There will also be games, and concessions. The first 100 children who attend will receiver a free hard hat.
The event, which drew 600 people and featured about 25 vehicles a year ago, serves as a fundraiser and a membership event for the Boy Scouts. A $5 donation is suggested with a maximum of $20 per family. All donations benefit Moore District Boy Scouts.
Saunders said Touch-a-Truck is an “all inclusive event with stuff that anyone of any age will enjoy,” and one that raises money that will directly benefit Moore County children.
Funds raised will go to providing uniforms, scholarship funds for summer camp, jamborees, offsetting expenses for Camp Durant and Camp Reeves, and funding paid professional staff.
Touch-a-Truck events are done across the United States, and Saunders said he got the idea from a Scout troop in Cary. He said the event is a necessity because of the increased popularity of Scouting in Moore County, Last year there was a 14 percent increase in the numbers of boys involved in Scouting and based on growth the area ranked at or near the top in the Southeast Region and in the top 10 nationally.
This event is a more novel way to raise money and awareness, Saunders said.
“We are looking for a way to put our name out there in a way that kids can identify the Scouting program with fun events.”
After last year’s event, the Moore Council added 22 Scouts. Twelve of those resulted directly from applications filled out at the event, Saunders said.
Several of last year’s more popular vehicles will be back again this year, including a municipal trash truck, a surprise favorite, according to Saunders.
“I was blown away by how much the kids enjoyed watching the trash truck crunch garbage,” he said. “They really ate that up.”
Robert Tighe of R and T Racing is back for a second year. Last year he brought a drag racer. This time around he plans to bring a stock car racer.
He said participating in the event again was a “no-brainer.”
“This is one of my more pleasant experiences with all the shows we do,” Tighe said. “They (kids) were very eager to ask questions. They want to know everything.”
Tighe said one of the more interesting reactions he got during last year’s event was one of shock from parents when their children were allowed to sit in the car.
“I think it strikes them odd when we tell them you can put them in the car,” Tighe said. “Most places you can’t do that.”
This year, with multiple vehicles appearing for the first time, Saunders said he is looking forward to seeing how the children will react.

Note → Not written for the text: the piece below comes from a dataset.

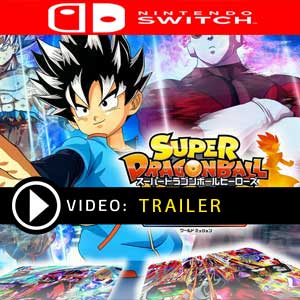 Super Dragon Ball Heroes World Mission - Nintendo Switch, Nintendo Switch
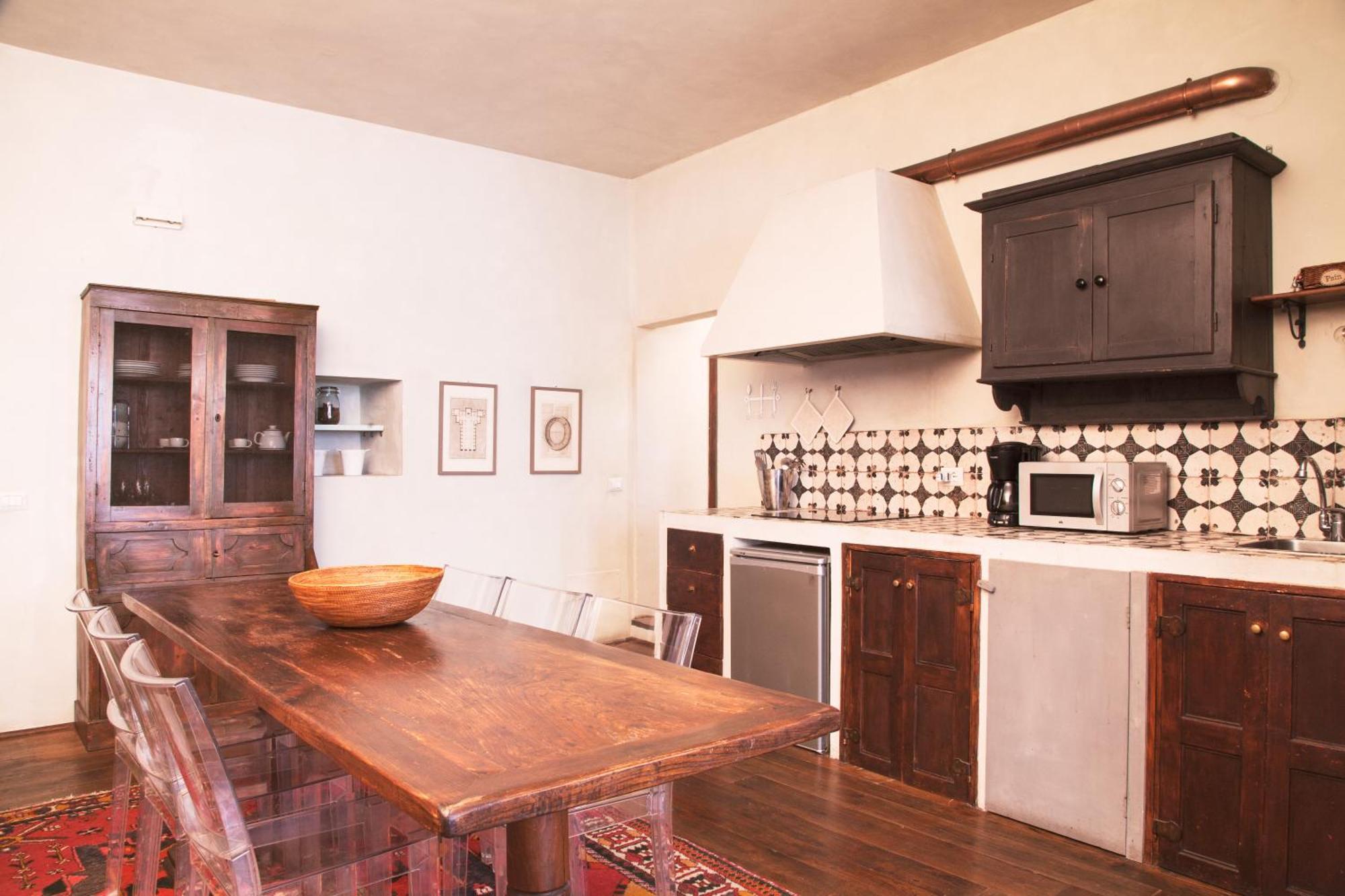 Apartment Berardi Palace Florence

Dana Gainer with Rolling Video Games, the company that is bringing the video game truck, is eager to participate.
She said the video game truck will feature various video game consoles, approximately 30 games and room for 16 game players at a time.
“We will rotate them through every 20 minutes and while they are in there, they can dance, they can race. We’ll even let them touch the game theater on the inside of the truck.”